= The Alley Man =

1959 short story by Philip José Farmer

"The Alley Man" was originally published in the June 1959 issue of F & SF, with a cover illustration by Ed Emshwiller.

"The Alley Man" (1959) is a science fiction short story by American writer Philip José Farmer (1918-2009). It relates the life of Old Man Paley, who may or may not be the last Neanderthal — or "Paleolithic" man, as his name suggests — still alive in the 20th century.

==Publication history==
"The Alley Man" was originally published in The Magazine of Fantasy and Science Fiction in June 1959. It was subsequently republished by Ballantine Books in the 1962 compilation The Alley God, by DAW Books in the 1973 compilation The Book of Philip José Farmer, by Crown Publishers in the 1984 compilation The Classic Philip José Farmer 1952-1964, and in the 2006 anthology The Best of Philip José Farmer by Subterranean Press.

==Critical reception==
"The Alley Man" was nominated for a Hugo Award for Short Fiction in 1960, coming in second.
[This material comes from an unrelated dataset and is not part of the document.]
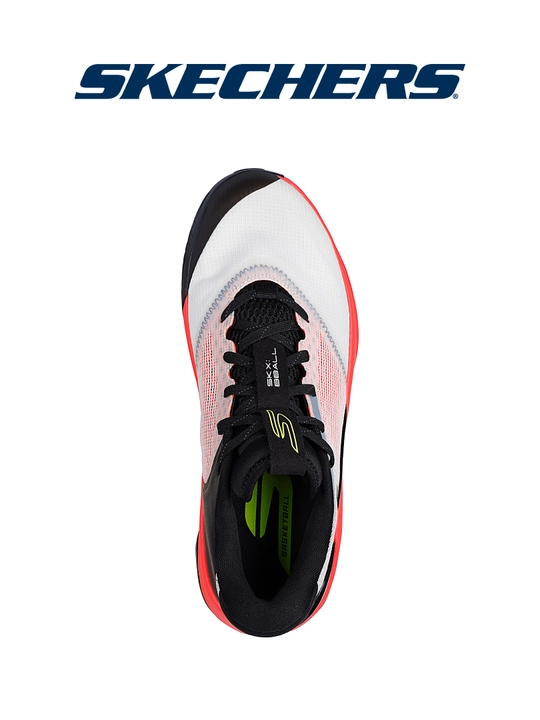 Erkaklar krossovkasi Skechers SKX FLOAT, bog'ichli, amortizatsiyali, matoli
P. Schuyler Miller called "The Alley Man" a "robust, rambling comic tragedy of a dying species, trying to keep its heredity straight, clinging to its old legends, holding its own against the G'yaga, the False Folk who have inherited the Earth", described Paley as "Alley Oop as seen by Eugene O'Neill", and said that although the story itself was "negligible", the character of Paley "is everything".

Sam Moskowitz considered the story to be Farmer's emulation of L. Sprague de Camp's 1939 "The Gnarly Man".